As a dentist in private practice, I administer local anesthesia routinely. Or, in layman’s terms, I give numbing shots daily. That’s just two ways of saying the same thing!
Occasionally, when I am doing certain injections (and note that there are different types of injections that dentists administer – more on that later), the patient will experience an electric shock sensation originating from the injection area. This ends up being quite a shock to the patient (pun intended) with me then subsequently spending significant time explaining why/what happened.

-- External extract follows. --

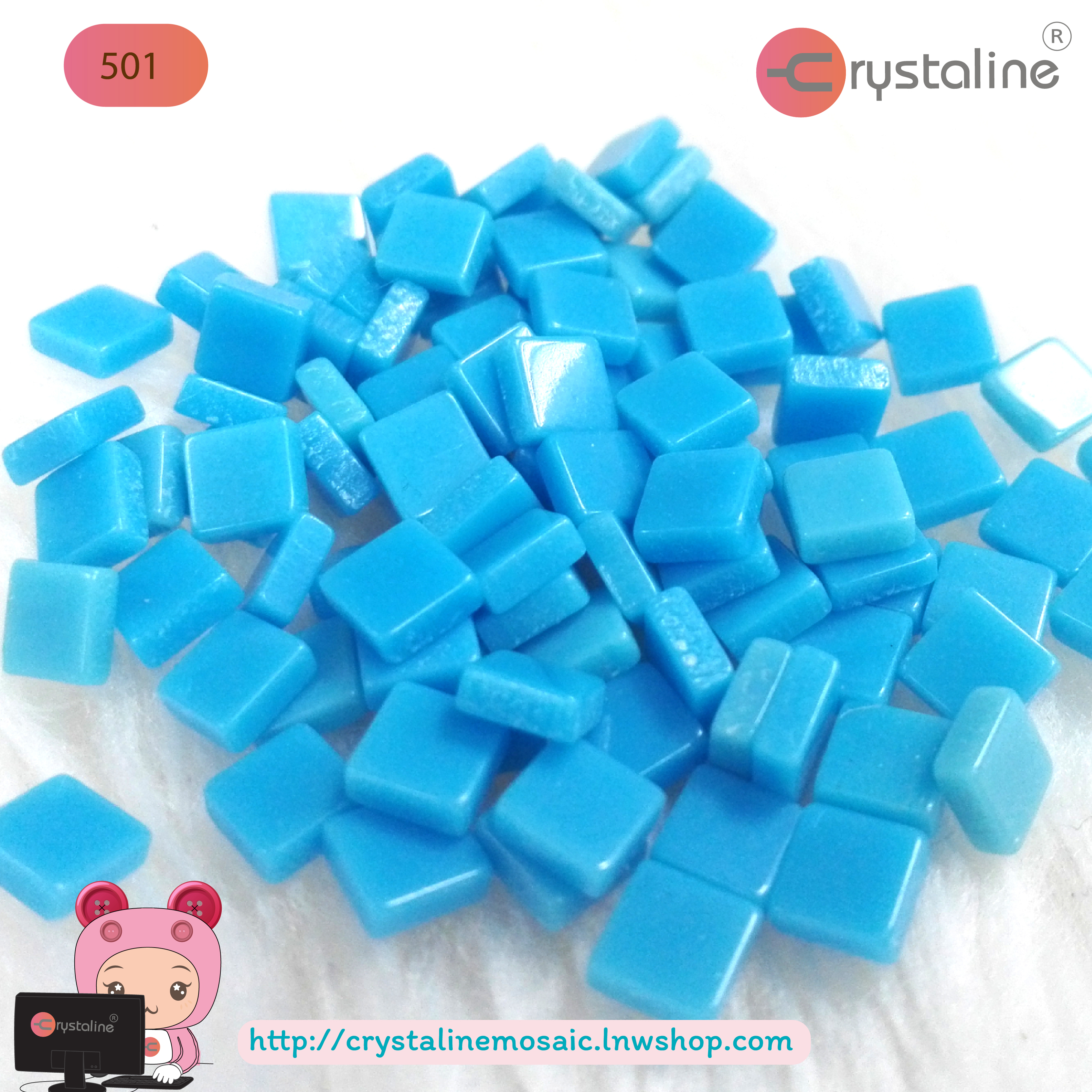 Mosaic opaque - Norse blue col. (size 5x5 mm80g/pack)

In addition to seeing this happen periodically in my own office, I get tons of comments and inquires on this blog about “the electric shock they got” from the dentist’s needle. Since nearly all of my articles are either about my own experiences – or from inquires I get on this blog – I decided it was time to do a post on this phenomenon.
Infiltrations versus Nerve Blocks
To understand why the electric shock occurs, a little background information is needed.
In medicine – and I do consider dentistry to fall under the medical umbrella – there are various techniques for numbing a particular anatomical region. An infiltration is when local anesthetic is deposited directly adjacent to the site to be worked upon. In these cases, the local anesthetic works by affecting tiny, microscopic nerve endings that almost resemble a spider web.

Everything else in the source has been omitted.